Emma Watson has become one of the most vocal and active champions for gender equality in Hollywood, but could her tireless activism becoming grating to the general public? According to Gloria Steinem, the fact that a question like that is even brought up illustrates one of the biggest misconceptions that people nowadays seem to have with feminism: that a woman can't stand up for gender equality and also have a capacity for levity and fun.
In Vanity Fair's new cover story on Emma Watson, Gloria Steinem stands up for the actress's involvement in feminist and environmental causes. The author of the piece questions Steinem on whether Watson's intense focus on her activist efforts has a risk of becoming annoying to the public, and Steinem rebuts by noting how that question in and of itself carries a gender bias.
Indeed, there are plenty of male actors who have become well-known for their activist efforts that have not had to face any public backlash for being considered "too annoying" by championing their efforts. Leonardo DiCaprio has devoted much of his time to speaking about environmental concerns, even addressing the United Nations on the topic, as Emma Watson has done for her gender equality cause HeForShe. Additionally, superstars like Bono and Sean Penn have become almost more famous and beloved for their hands-on work in global aid than for their music or acting.
Gloria Steinem also points out the misconception that is at the core of that question: that feminists can only be serious, and never be fun. Steinem, who has gotten to know Emma Watson well over the last few years, says that Watson is as joyful and fun-loving as anyone else, but she is also informed on these issues and feels that it is important to speak about them.
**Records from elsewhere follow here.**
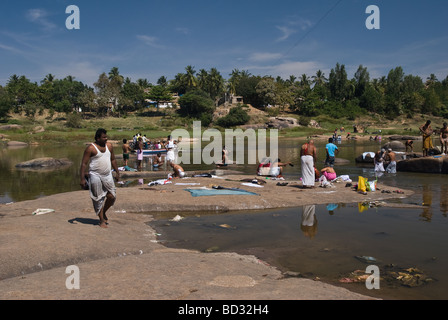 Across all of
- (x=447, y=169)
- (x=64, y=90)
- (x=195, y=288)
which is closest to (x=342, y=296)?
(x=195, y=288)

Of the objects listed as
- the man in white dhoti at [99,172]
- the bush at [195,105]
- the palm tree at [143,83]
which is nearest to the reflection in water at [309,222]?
the man in white dhoti at [99,172]

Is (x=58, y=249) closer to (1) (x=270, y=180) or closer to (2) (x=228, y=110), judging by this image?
(1) (x=270, y=180)

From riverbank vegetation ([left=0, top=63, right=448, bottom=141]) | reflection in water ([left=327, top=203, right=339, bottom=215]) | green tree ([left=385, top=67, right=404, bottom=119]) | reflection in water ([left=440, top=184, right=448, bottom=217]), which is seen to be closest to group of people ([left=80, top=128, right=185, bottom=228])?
reflection in water ([left=327, top=203, right=339, bottom=215])

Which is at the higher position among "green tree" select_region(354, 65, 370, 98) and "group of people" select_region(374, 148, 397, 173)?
"green tree" select_region(354, 65, 370, 98)

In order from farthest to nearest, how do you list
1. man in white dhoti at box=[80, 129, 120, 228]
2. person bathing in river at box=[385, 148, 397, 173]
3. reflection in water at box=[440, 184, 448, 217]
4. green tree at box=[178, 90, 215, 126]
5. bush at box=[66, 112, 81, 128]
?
green tree at box=[178, 90, 215, 126] < bush at box=[66, 112, 81, 128] < person bathing in river at box=[385, 148, 397, 173] < reflection in water at box=[440, 184, 448, 217] < man in white dhoti at box=[80, 129, 120, 228]

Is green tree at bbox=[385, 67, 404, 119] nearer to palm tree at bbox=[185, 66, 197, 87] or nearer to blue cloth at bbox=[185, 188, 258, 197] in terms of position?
palm tree at bbox=[185, 66, 197, 87]

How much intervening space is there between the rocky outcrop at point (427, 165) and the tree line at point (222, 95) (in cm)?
5904

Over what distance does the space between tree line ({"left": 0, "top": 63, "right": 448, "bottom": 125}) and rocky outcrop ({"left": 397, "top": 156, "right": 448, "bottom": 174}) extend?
2324 inches

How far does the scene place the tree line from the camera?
83.4 metres

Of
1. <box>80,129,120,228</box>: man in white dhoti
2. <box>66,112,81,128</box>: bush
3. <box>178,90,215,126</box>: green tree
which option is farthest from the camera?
<box>178,90,215,126</box>: green tree

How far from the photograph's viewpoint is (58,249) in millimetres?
6094

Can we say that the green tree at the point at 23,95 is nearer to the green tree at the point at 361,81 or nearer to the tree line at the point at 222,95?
the tree line at the point at 222,95

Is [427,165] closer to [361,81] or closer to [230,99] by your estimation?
[230,99] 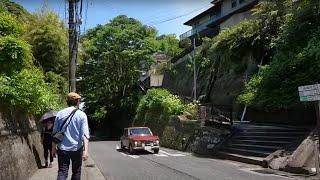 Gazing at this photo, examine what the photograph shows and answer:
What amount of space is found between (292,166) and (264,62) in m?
16.8

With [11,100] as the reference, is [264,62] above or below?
above

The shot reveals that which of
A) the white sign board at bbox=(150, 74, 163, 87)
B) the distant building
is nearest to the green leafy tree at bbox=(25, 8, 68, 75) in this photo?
the distant building

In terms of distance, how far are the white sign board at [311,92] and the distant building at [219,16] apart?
28.4m

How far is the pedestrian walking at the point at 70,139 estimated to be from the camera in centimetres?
798

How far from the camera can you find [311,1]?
24688 millimetres

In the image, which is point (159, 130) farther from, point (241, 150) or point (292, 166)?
point (292, 166)

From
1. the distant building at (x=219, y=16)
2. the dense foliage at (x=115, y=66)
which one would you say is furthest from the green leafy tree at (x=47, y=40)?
the dense foliage at (x=115, y=66)

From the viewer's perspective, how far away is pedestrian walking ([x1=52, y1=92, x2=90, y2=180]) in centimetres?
798

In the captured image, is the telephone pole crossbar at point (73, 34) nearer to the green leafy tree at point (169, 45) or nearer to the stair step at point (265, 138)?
the stair step at point (265, 138)

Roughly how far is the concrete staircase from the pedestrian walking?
11260mm

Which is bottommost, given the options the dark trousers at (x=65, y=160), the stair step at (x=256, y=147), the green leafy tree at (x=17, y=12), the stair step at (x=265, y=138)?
the stair step at (x=256, y=147)

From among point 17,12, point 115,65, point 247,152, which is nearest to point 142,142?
point 247,152

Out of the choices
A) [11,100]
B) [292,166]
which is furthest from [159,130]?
[11,100]

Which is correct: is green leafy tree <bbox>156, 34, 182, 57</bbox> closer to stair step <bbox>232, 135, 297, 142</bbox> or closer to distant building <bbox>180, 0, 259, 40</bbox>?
distant building <bbox>180, 0, 259, 40</bbox> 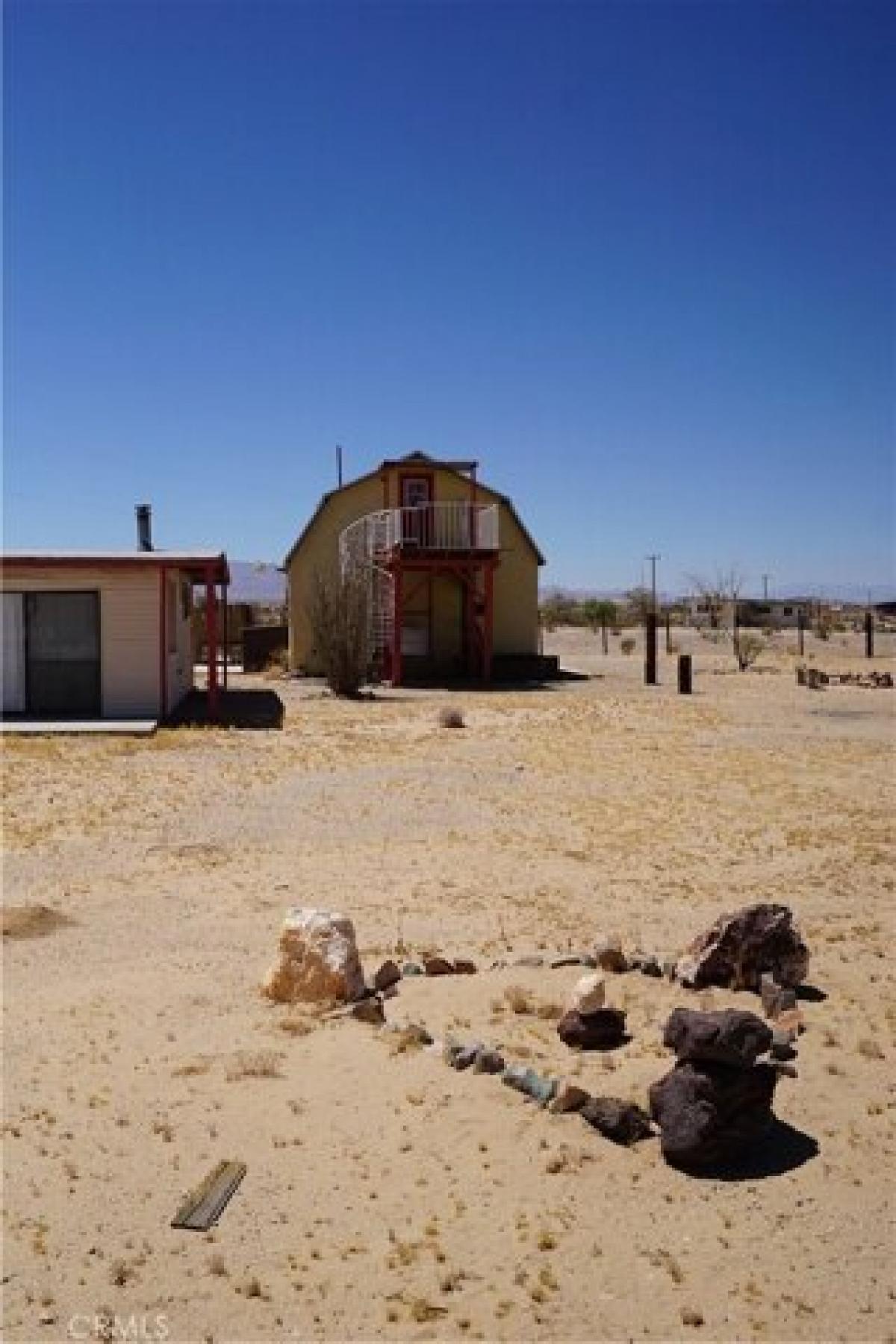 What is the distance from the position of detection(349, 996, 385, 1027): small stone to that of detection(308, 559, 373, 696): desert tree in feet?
68.8

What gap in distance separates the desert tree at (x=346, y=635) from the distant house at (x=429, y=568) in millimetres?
1848

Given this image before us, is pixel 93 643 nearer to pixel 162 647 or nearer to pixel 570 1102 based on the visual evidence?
pixel 162 647

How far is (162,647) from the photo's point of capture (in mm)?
21906

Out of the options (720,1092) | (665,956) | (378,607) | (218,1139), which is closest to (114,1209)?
(218,1139)

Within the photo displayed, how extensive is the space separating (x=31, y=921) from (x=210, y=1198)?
4254 millimetres

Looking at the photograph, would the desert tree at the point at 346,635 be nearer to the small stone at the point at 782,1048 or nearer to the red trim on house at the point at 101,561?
the red trim on house at the point at 101,561

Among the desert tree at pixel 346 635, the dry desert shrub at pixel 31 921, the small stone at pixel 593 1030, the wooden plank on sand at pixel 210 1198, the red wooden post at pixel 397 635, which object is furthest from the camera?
the red wooden post at pixel 397 635

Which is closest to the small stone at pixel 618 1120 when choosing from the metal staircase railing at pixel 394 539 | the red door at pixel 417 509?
the metal staircase railing at pixel 394 539

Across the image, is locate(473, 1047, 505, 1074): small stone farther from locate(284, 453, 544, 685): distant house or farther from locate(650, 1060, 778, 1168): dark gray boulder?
locate(284, 453, 544, 685): distant house

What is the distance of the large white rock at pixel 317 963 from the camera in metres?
7.13

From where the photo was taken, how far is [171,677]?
23391 mm

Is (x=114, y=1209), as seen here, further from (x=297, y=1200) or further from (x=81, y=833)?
(x=81, y=833)

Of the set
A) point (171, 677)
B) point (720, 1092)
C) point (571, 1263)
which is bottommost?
point (571, 1263)

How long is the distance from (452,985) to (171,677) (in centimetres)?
1699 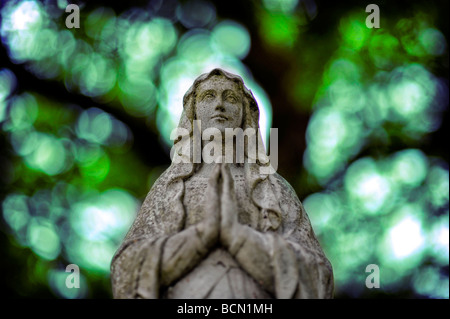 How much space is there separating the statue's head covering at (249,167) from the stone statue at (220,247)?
1 cm

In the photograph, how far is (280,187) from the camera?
19.4 feet

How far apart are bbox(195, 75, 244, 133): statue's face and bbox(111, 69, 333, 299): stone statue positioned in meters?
0.67

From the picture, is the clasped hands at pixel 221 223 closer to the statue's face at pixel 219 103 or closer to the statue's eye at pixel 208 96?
the statue's face at pixel 219 103

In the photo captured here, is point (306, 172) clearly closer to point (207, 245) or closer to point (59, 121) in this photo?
point (59, 121)

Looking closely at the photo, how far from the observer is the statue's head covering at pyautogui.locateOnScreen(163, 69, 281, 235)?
5484mm

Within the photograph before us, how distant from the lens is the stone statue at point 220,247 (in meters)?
4.86

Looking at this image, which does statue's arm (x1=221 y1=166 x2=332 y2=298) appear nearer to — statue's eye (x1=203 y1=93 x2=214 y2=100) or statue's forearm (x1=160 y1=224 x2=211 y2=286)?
statue's forearm (x1=160 y1=224 x2=211 y2=286)

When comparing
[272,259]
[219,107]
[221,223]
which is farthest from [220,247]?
[219,107]

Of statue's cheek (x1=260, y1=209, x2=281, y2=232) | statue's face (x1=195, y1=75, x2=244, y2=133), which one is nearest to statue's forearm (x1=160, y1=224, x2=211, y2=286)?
statue's cheek (x1=260, y1=209, x2=281, y2=232)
Emma Watson has been using her high-profile position as one of the most well-known actresses in the world to help educate others on gender equality for the past few years. In 2014, she was appointed as a United Nations Women Goodwill Ambassador, and launched her HeForShe campaign, which aimed to better inform men that feminism is about equal opportunities for both genders, rather than "man-hating." At the beginning of 2016, Watson launched her online feminist book club Our Shared Shelf, and selected Gloria Steinem's memoir as her first book. The two people that Watson brought with her to get a first look at her upcoming Beauty and the Beast remake were her mother, and Steinem, hoping to get the feminist icon's seal of approval on her interpretation of the Disney princess. And Steinem approved.